— Problem —
Your copy must hold all of the data below, unchanged and without images.

— Dataset extract —
↓

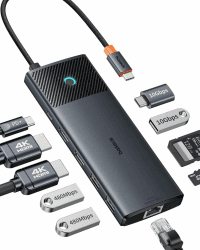 Baseus 10-in-1 Docking Station USB C 10 Gbps Up to 4K@120 Hz, USB C Hub mit 2 HDMI, 2X USB-C und 3X USB-A, Gigabit Ethernet, SD/TF und 100W Power Delivery für MacBook/Dell/HP/Lenovo und mehr PC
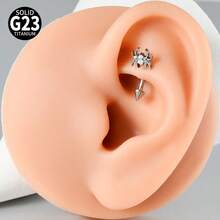 1PC TItanium Butterfly Rook Piercing Cz Flower/Spider/Moon Eyebrow Navel Ring Flower Cuved Rook Barbell Ear Tragus Cartilage Earrings Piercing - Titanium Original Color - View 5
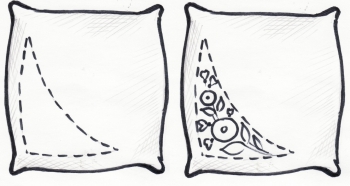 Схема подушки для вышивки лентами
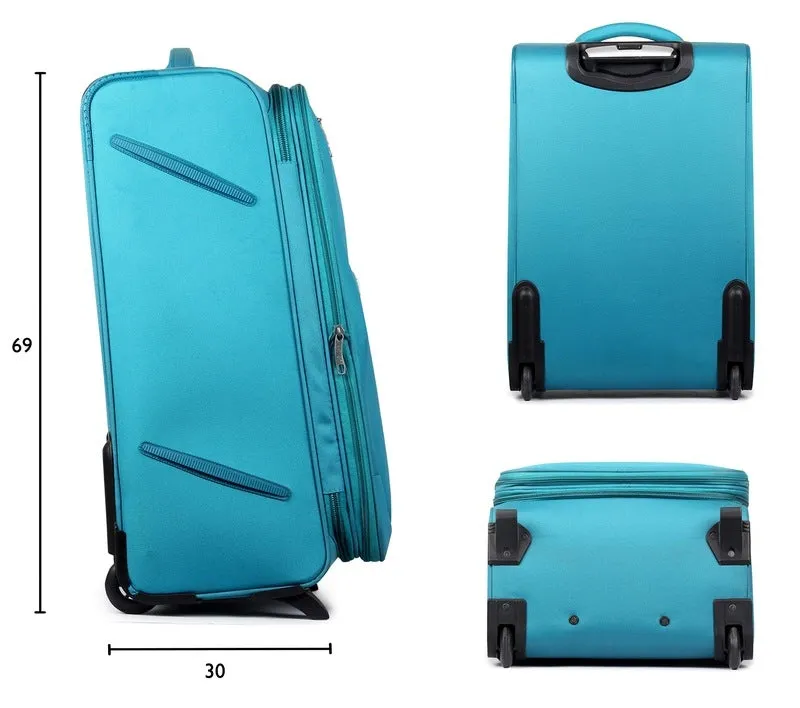 Single: Softsided Suitcase | Spacious Compartment & Safety Lock | 28 Inch | Turquoise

↑

— Answer box —
 Baseus 10-in-1 Docking Station USB C 10 Gbps Up to 4K@120 Hz, USB C Hub mit 2 HDMI, 2X USB-C und 3X USB-A, Gigabit Ethernet, SD/TF und 100W Power Delivery für MacBook/Dell/HP/Lenovo und mehr PC
 1PC TItanium Butterfly Rook Piercing Cz Flower/Spider/Moon Eyebrow Navel Ring Flower Cuved Rook Barbell Ear Tragus Cartilage Earrings Piercing - Titanium Original Color - View 5
 Схема подушки для вышивки лентами
 Single: Softsided Suitcase | Spacious Compartment & Safety Lock | 28 Inch | Turquoise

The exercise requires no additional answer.